Comme en temps de guerre où les soldats partent combattre la fleur au fusil, heureux d’être équipés de la technologie de mort, au mépris de leur vie, et surtout de celle des autres, pareillement chair à canon joyeuse, les individus de la société moderne capitaliste sont dressés, à leur insu, de plein gré, à vivre en guerre permanente. Ils sont ravis d’être de la chair à exploiter. Certes ils ne partent pas au bagne industrielle ou administratif pour besogner la fleur au fusil, mais allégrement et benoîtement avec l’antidépresseur et l’anxiolytique dans le ventre, ces béquilles du bonheur chimique. Comme en temps de guerre où tout le monde communie dans la fibre patriotique, sans avoir conscience d’être l’objet de manipulation politique par les dirigeants de la finance, ces individus vivent leur exploitation et leur oppression dans la ferveur et la liesse, au grand plaisir et bénéfice du capital.
Si, en temps de guerre, la norme c’est la guerre, où la promesse c’est la victoire, le moyen la chair humaine. En temps de répit d’économie capitaliste «pacifiée», la norme c’est la guerre économique, la promesse c’est la victoire (la plus-value pour le capital, la consommation, l’acquisition de biens pour le soldat-salarié), le moyen c’est nous (chair à exploiter). La corrélation entre les deux moments de vie similaires se niche dans l’endoctrinement culturel et pédagogique ayant balisé le chemin vers la guerre, la normalisation de la mentalité de guerre. Dans les deux contextes, la vie est un champ de bataille. Tous les matins, chaque soldat salarié se lève pour partir (faire) à la guerre économique.
Comme en temps de guerre où les wagons de train sont bondés de soldats, en temps d’économie «pacifiée», les soldats-salariés envahissent les routes avec leurs voitures ou les bus pour aller prendre position dans l’entreprise et mener la bataille des parts de marché la fleur au fusil, au grand contentement de sa majesté, le capital. Si, en temps de guerre, le soldat est l’outil et le moyen de la violence déchainée, en temps d’économie «pacifiée», les travailleurs sont l’outil et le moyen du capitalisme déchainé. Sans eux, ni la bataille ni le capitalisme n’existeraient.
Nous blâmons et condamnons la prostituée qui vend son corps, ses charmes à un client. Que faisons-nous de différent quand nous vendons notre force de travail, notre vie à un patron ? Sommes-nous plus digne que la prostituée ? On nous assène qu’il faut gagner sa vie à la sueur de son front. Cette maxime péremptoire consonne comme un obus avec cette recommandation militaire : il faut être fier de perdre sa vie sur le front.
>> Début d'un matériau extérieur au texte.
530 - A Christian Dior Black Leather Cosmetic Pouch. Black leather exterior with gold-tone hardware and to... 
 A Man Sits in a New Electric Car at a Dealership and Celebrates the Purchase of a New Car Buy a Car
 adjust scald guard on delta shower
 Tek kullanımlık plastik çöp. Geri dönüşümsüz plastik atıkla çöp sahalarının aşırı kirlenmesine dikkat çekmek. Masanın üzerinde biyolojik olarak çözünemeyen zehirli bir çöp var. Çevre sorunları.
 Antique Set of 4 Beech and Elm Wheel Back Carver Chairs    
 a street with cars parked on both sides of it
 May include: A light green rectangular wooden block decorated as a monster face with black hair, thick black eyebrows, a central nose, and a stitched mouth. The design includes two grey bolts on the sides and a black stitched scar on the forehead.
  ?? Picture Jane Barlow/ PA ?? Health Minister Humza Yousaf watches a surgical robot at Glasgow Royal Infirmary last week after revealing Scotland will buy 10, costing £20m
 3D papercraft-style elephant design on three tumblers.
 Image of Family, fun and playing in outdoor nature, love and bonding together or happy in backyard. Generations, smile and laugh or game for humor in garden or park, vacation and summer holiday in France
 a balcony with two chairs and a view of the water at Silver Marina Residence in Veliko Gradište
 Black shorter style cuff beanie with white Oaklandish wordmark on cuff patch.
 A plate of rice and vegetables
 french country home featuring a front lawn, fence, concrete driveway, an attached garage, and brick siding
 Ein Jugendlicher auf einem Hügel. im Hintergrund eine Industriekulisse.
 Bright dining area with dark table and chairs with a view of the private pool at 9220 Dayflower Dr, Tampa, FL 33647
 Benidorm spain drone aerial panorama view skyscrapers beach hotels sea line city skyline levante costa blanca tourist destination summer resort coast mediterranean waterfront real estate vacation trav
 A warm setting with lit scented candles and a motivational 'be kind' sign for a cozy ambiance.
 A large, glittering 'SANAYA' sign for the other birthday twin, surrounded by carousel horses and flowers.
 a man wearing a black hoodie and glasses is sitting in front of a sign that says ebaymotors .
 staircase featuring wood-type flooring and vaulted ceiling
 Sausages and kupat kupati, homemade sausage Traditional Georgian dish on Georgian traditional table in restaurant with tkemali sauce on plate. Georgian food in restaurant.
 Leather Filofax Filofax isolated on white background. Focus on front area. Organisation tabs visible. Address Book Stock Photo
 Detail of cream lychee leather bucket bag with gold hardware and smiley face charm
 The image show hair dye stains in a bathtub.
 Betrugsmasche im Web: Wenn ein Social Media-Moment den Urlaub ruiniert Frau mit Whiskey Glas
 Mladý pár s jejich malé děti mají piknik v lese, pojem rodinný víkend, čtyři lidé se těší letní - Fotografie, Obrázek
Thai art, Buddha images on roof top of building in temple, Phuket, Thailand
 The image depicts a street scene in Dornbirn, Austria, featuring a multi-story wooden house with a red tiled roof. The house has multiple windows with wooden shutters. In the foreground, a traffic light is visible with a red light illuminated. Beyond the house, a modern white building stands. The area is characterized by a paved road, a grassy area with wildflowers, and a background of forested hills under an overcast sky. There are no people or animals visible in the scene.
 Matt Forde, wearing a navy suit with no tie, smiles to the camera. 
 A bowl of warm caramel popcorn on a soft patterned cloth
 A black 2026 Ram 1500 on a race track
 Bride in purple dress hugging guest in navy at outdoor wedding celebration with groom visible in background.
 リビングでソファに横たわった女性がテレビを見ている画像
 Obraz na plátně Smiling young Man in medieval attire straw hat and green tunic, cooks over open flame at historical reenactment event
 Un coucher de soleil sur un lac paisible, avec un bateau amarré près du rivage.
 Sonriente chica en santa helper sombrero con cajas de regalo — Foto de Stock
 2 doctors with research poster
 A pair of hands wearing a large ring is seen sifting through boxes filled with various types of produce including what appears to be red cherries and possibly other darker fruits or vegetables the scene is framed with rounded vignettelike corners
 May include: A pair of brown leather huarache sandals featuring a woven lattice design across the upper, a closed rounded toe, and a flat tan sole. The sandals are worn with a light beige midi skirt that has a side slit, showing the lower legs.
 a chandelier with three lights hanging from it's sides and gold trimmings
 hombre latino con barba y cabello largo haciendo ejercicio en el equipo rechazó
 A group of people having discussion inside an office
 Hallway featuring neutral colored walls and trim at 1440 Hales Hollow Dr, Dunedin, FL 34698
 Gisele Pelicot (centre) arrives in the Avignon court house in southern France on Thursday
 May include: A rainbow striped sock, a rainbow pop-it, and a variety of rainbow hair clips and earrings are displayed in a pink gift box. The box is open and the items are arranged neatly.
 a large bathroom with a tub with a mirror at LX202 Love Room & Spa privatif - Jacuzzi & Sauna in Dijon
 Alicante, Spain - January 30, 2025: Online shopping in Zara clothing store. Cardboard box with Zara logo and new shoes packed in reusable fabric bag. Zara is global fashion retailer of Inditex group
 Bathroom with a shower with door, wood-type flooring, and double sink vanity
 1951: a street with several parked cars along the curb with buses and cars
Dans les deux cas, on gagne ses galons une fois seulement après avoir sacrifié sa vie sur les fronts respectivement de la sueur et du suaire : la tombe de l’inconnu pour le soldat, la retraite tombale pour le salarié.
Pourquoi acceptons-nous de nous lever chaque matin pour partir joyeusement à la guerre capitaliste ? Car elle est devenue la norme et la culture communes. Par la puissante force de l’endoctrinement idéologique, l’individu ne conçoit pas une autre réalité. Il appréhende la réalité uniquement par le prisme du capital logé et incrusté dans son cerveau, si on peut appeler cette chose cerveau, malléable à souhait, pour qui la promesse d’une maison, d’une voiture, d’un smartphone justifie toutes les compromissions, trahisons, dégradations morales. Même si, la maison, la voiture et le smartphone ne lui appartiendront jamais réellement, mais à la banque (qui nous vend notre existence à crédit). Tout comme l’entreprise où il trime comme un esclave du matin au soir, elle ne lui appartiendra jamais. Au contraire, à la moindre occasion, l’entreprise le jettera comme un kleenex usagé. Pourtant, il arbore toujours de la fierté d’aller se vendre à une entreprise, qui va lui vendre l’espoir d’avoir la possibilité de s’endetter pour acheter sa vie à crédit pour le grand profit des banquiers. Pauvre prolo ! Il se croit libre. En réalité il est pressuré par son patron, ses banquiers, ses créanciers. A la guerre comme à l’usine. Acheter son existence à crédit est le summum de l’aliénation. Tu crois posséder des biens, mais en réalité tu es possédé par les biens. Tu es doublement esclave de la marchandise. Tu la produis sans te l’approprier (elle demeure propriété du capitaliste). Tu l’achètes ensuite à crédit (elle demeure potentiellement la propriété du banquier en cas de défaillance de paiement).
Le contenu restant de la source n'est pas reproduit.